Günümüz açısından da benzer Şiî-Sünnî daha doğrusu Şiî-Selefî çatışmalarıyla bölgemizdeki göç hareketliliklerini düşündüğümüzde iktidar mücadelelerinde dinî /mezhebi farklılıkların nasıl aykırlığa dönüşmeye devam ettirildiği de ortaya çıkar. Nitekim “Medeniyetler arası çatışma” tezinin”Medeniyet içi çatışma” ya (Sünnî-Şiî) dönüştürülmek istendiğini bu açıdan mezhepçiliğin sürekli geçerliliği test edilen bir tuzak olduğu açıktır. Bu durumda “Dinî Anlama ve Yaşama Tarzları Olan Mezhepler” “Riyaset ve Din Tacirliği Olarak Mezhepcilik” olarak ortaya çıkmaya devam etmektedir. Modern Türkiye’nin laiklik vurgusunun önemi ve çevresindeki mezhepler üzerinden yapılan vekalet savaşlarına dikkat çekme çabamızın Beşar Esed ile birlikte fotografımın yayınladığı bir dergi ile hedef gösterilmesi ülkemizdeki durumun vehematini göstermesi açısından önemlidir. (Hüküm Dergisi, yıl 6, sayı 64/2018, 6-10)

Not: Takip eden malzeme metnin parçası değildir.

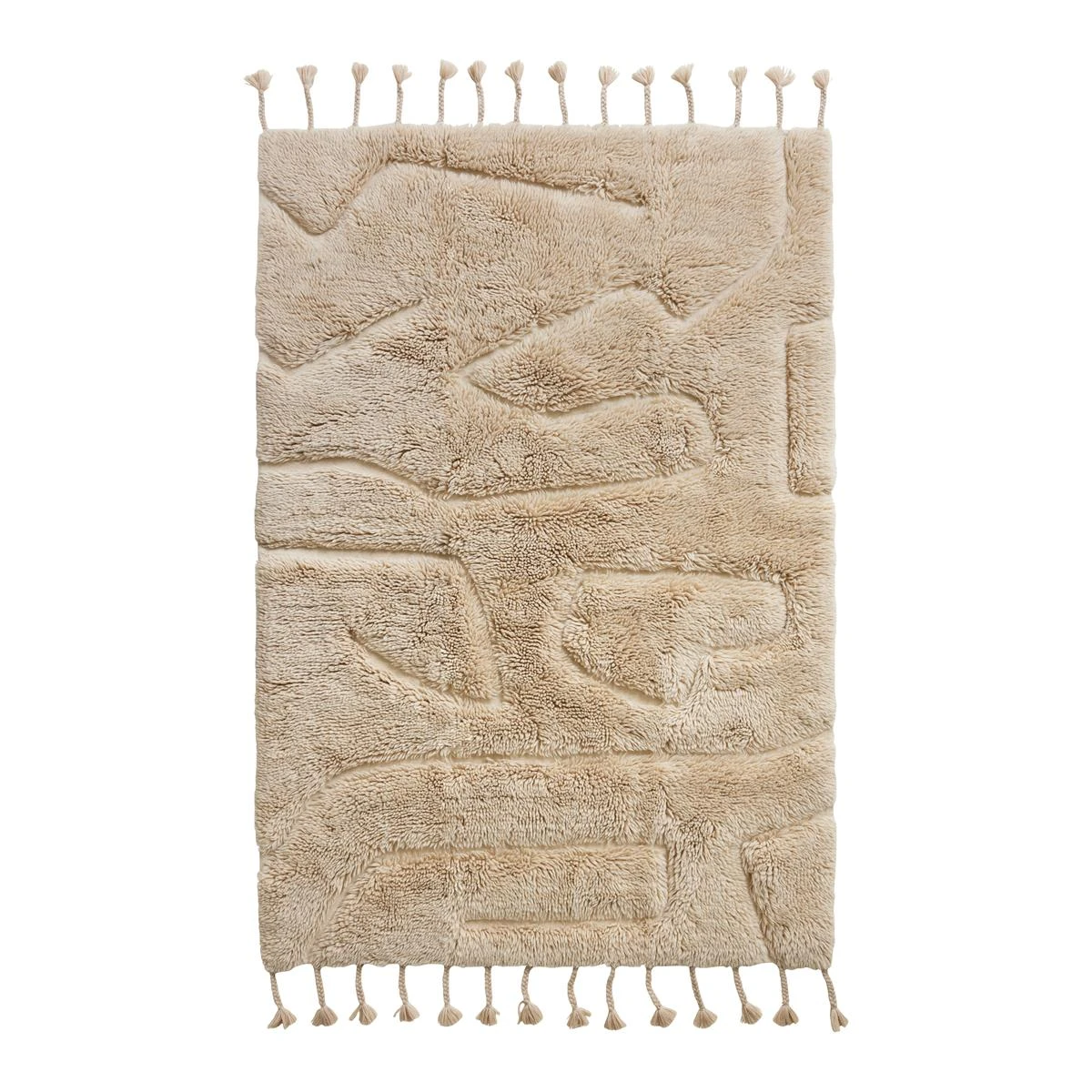 HKliving Wool Limitless Vloerkleed 140 X 200 Cm - Cream 3 HKliving Wool Limitless Vloerkleed 140 X 200 Cm - Cream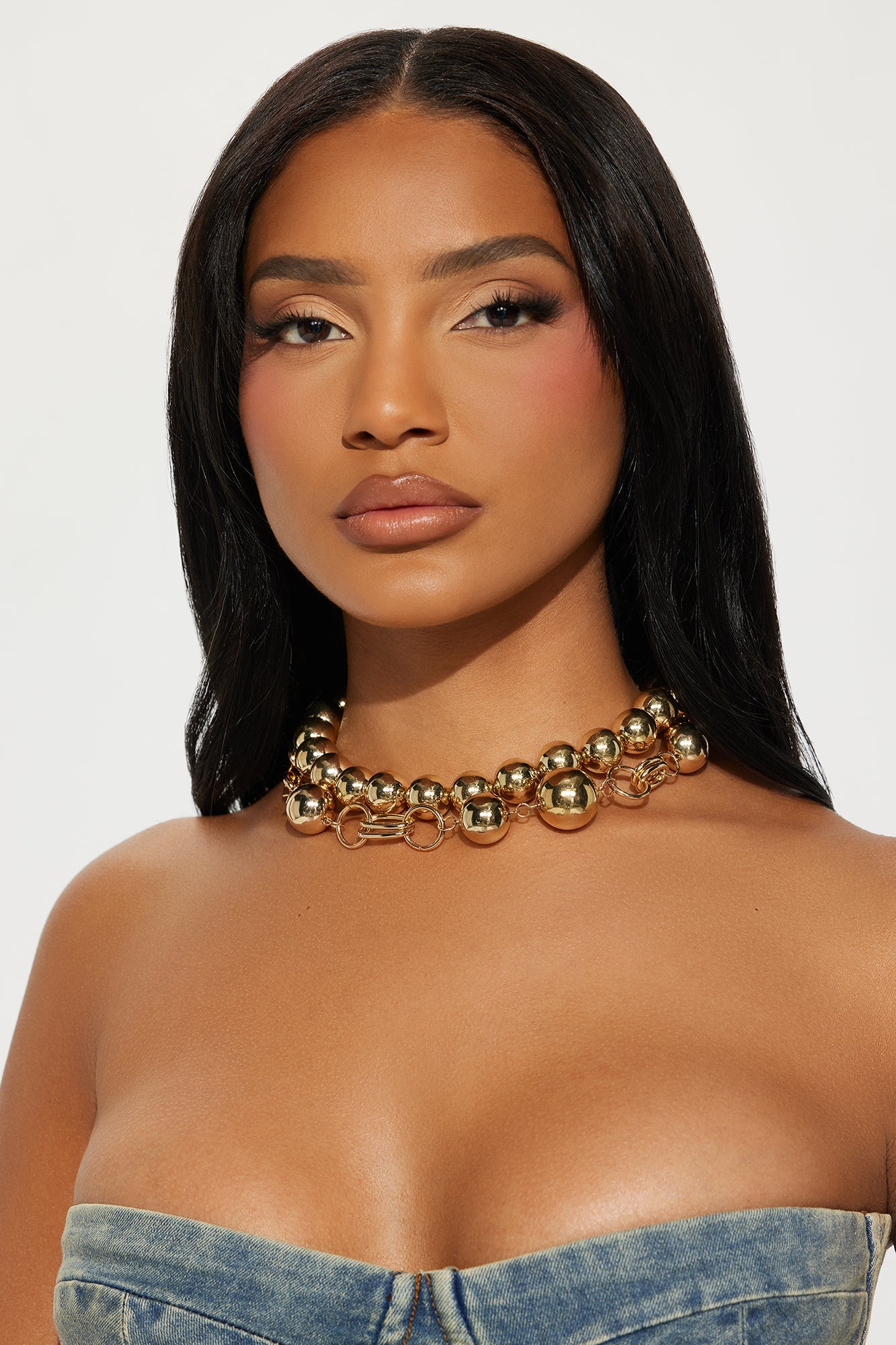 Keep You In Rotation Necklace - Gold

Tarihsiz okumaların talihsizliğinden kaçınmak için Safevî devletinin Şiîlik üzerinden Anadolu politikaları, bunlara karşı olarak da Sünnî Kürt aşiretlerin Osmanlı’dan destek istemesi ayrıntılı incelenmelidir. Özellikle Akkoyunlu hükümdarı Yakub’un (Uzun Hasan’ın oğlu) mahiyetinde görev yapmış, önemli bir tarihçi ve usta bir diplomat olan İdris-i Bitlisi üzerinden Şiî-Sünnî, Alevi-Bektaşi gerilimlerinde Kürt aşiretlerinin işlevi önemlidir. Çünkü Akkoyunlu ve Safevîler, Kürt aşiretlerinin ailelerin gücünü kırmaya yönelik bir politika sürdürürken Osmanlı padişahı Yavuz Sultan Selim tam destek olmuştu.

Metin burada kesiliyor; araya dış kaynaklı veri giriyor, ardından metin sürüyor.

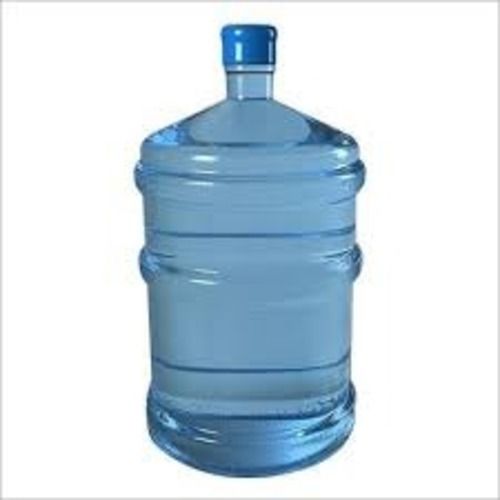 Dark Blue Transparent Mineral Water Jar, Storage Capacity 20 Liter 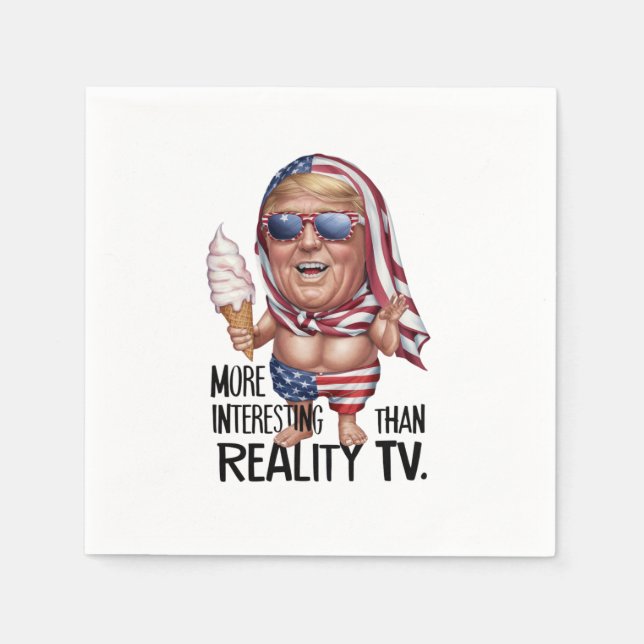 President Trump wearing iconic American sunglasses Napkins (Front)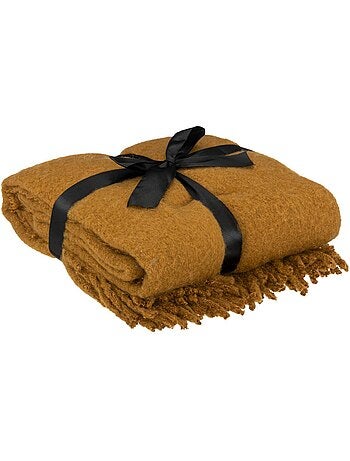 Manta con efecto de mohair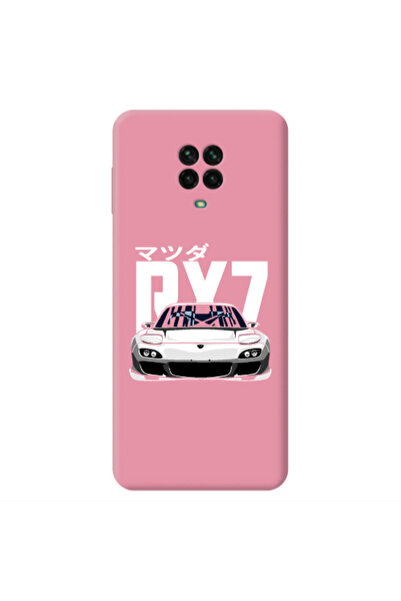 Other Xiaomi Redmi Note 9 Pro Car Rx7 Pink Colored Silicone TPU Θήκη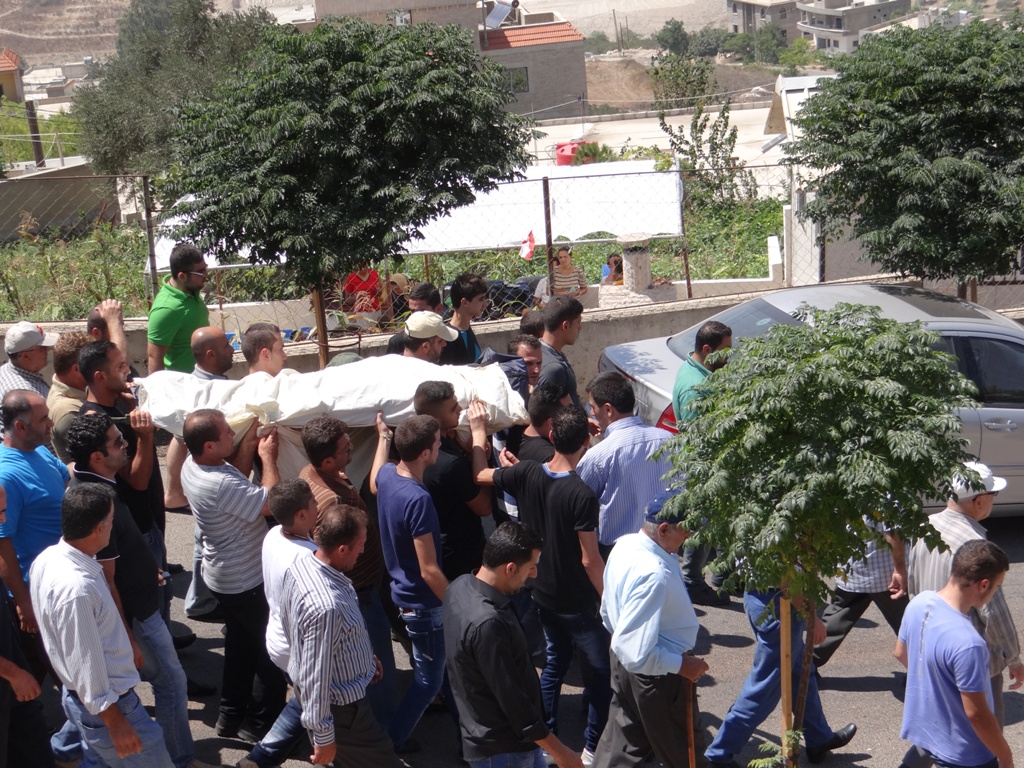  تشييع فقيدة الخيام الغالية بتول أحمد ديب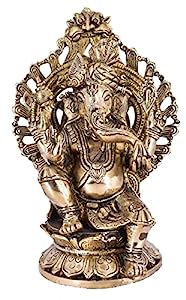 White Whale Ganesha Bhagwan Idol Ganesha Statue Ganpati Murti for Home Entrance Decor Luck Gift Home Decor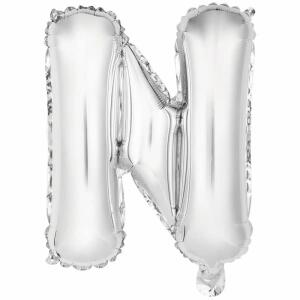 mini 34cm silber, Amscan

Bu bilgilerden hareketle, Arap Aklının 7.asrın ortalarına kadar İslamiyet’in yayılma çağına kadar Doğu’yu yönettiğini söyleyebiliriz. 1050 yılına kadar bu temel sağlamlaştırıldı, ardından diğer kültür ve geleneklerle yüzleşme, etkileme ve etkileşim başladı. Bu süreçte Doğu’da Farsların önemli oranda hâkimiyeti sağladığı görülür. İslam öncesi tarihsel birikimleriyle uyum içinde olan bir İslam tasavvuru oluşturdular. O kadar ki Andre Miquel, “Farslar, İslamiyet’in itikadî esaslarına, dilini ve kültürüne karşı direniyordu” der. Samanoğlular dönemine İran Rönesans’ı mührünü vurmuştu bile denilebilir. 11. Asırdan itibaren de (1050) Türklerin dönemi ve “Türk Rönesansı” başlamıştır. Fatih Sultan Mehmed’in Sultan-ı İklim-i Rum ve Halifey-i Ruy-i Zemin sıfatlarıyla Türk (İslam) Rönesans’ını bütün dünyaya ilan edilmesi ise İstanbul’un fethiyle gerçekleşmiştir.